Multiplayer AI: The New Operating Model For Identity Security

Forbes18-06-2025
Dr. John Pritchard is the Chief Product Officer at Radiant Logic, responsible for the company's global product vision.
AI-powered deepfakes and credential attacks are rewriting the rules of cyber risk, with identity-related breaches now costing organizations an average of $4.45 million per incident and accounting for over 70% of successful attacks on enterprise infrastructure and supply chains. Despite record investments in detection and response, breaches keep making headlines.
Why?
I call this the identity security paradox: More technology doesn't equal protection, especially if tools—and the people and AI agents using them—don't work together.
Identity is the primary attack surface in the enterprise. Most organizations built their identity security stack on a traditional combination of IAM, IGA and PAM, but the rapid proliferation of cloud apps, machine identities and AI agents outpace these traditional controls. The result? Siloed data, unmanaged privileged accounts and hidden nonhuman identities—each a potential attack vector.
Gartner finds that 65% of organizations still lack IAM maturity, weighed down by technical debt and fragmented architectures. Point solutions deployed to 'fix' audit findings or compliance gaps create more complexity, not less. Attackers exploit these seams, moving laterally between systems and identities that aren't monitored holistically.
CISA's Silentshield Red Team Assessment demonstrated that decentralized teams and poor communication allowed adversaries to persist undetected, even when individual groups spotted anomalies. The lesson is clear: Solo efforts—whether a lone expert, an isolated AI agent or a disconnected tool—cannot keep pace with adversaries who are increasingly agile, automated and collaborative.
To close these gaps, interoperability must become the standard for tools and the people and AI agents using them. Interoperability means more than connecting dashboards or sharing alerts. It's about ensuring that identity security posture management (ISPM) and identity threat detection and response (ITDR) systems share data, context and workflows in real time, across both human and machine identities.
Gartner recommends a 'system of systems' approach, built on identity fabric principles, to support zero trust and intelligent automation. This means breaking down technical and organizational silos so prevention and detection teams operate from a unified, continuously updated single source of truth for identity data—a concept Gartner identifies as foundational for modern identity security. This trusted, authoritative data layer enables faster, more accurate decisions and ensures that every team acts on the same intelligence. When ISPM and ITDR interoperate, and when human and AI teammates collaborate based on shared reference points, blind spots shrink and attackers have fewer seams to exploit.
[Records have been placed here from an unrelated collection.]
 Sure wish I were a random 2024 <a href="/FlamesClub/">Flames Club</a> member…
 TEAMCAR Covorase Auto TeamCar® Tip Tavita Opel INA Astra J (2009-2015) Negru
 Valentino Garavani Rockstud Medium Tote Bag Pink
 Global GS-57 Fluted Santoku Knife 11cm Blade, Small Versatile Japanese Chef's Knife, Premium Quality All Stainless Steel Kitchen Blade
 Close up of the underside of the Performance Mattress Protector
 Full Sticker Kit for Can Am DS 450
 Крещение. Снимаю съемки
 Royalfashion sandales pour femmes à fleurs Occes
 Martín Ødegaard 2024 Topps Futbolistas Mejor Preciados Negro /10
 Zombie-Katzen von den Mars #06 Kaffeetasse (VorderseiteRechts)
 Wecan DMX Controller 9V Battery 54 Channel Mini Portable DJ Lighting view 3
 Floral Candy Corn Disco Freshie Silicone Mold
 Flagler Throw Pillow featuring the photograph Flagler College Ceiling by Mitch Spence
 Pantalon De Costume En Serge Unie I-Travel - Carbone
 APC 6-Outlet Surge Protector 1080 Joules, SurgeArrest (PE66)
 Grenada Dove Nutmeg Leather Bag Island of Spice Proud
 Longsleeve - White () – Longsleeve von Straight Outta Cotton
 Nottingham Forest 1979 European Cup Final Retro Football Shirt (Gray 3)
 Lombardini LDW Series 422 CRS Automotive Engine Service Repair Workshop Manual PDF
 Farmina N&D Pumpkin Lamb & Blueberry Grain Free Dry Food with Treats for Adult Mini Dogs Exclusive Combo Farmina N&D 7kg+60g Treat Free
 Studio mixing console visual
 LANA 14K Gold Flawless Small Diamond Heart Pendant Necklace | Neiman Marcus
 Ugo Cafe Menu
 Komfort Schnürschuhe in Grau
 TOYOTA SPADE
I call the next evolution in identity security: multiplayer AI—intelligent systems designed to amplify human capabilities through enhanced teamwork. Gartner predicts by 2027, 90% of successful AI implementations in cybersecurity will focus on tactical task automation and process augmentation, not full autonomy or staff replacement.
Multiplayer AI enables human and AI collaboration, breaking down silos and bridging gaps between prevention and detection. AI excels at analyzing vast datasets, detecting patterns humans miss and automating repetitive processes. Critical decisions, like determining whether anomalies are a threat or false positives, still require human judgment and contextual understanding. Studies show organizations using collaborative AI models—human decisions based on AI recommendations—see faster response times, fewer security incidents and improved resilience.
The key is not just technology, but teamwork: AI handles the heavy lift of data processing and pattern recognition, while humans provide creativity, ethical oversight and business context.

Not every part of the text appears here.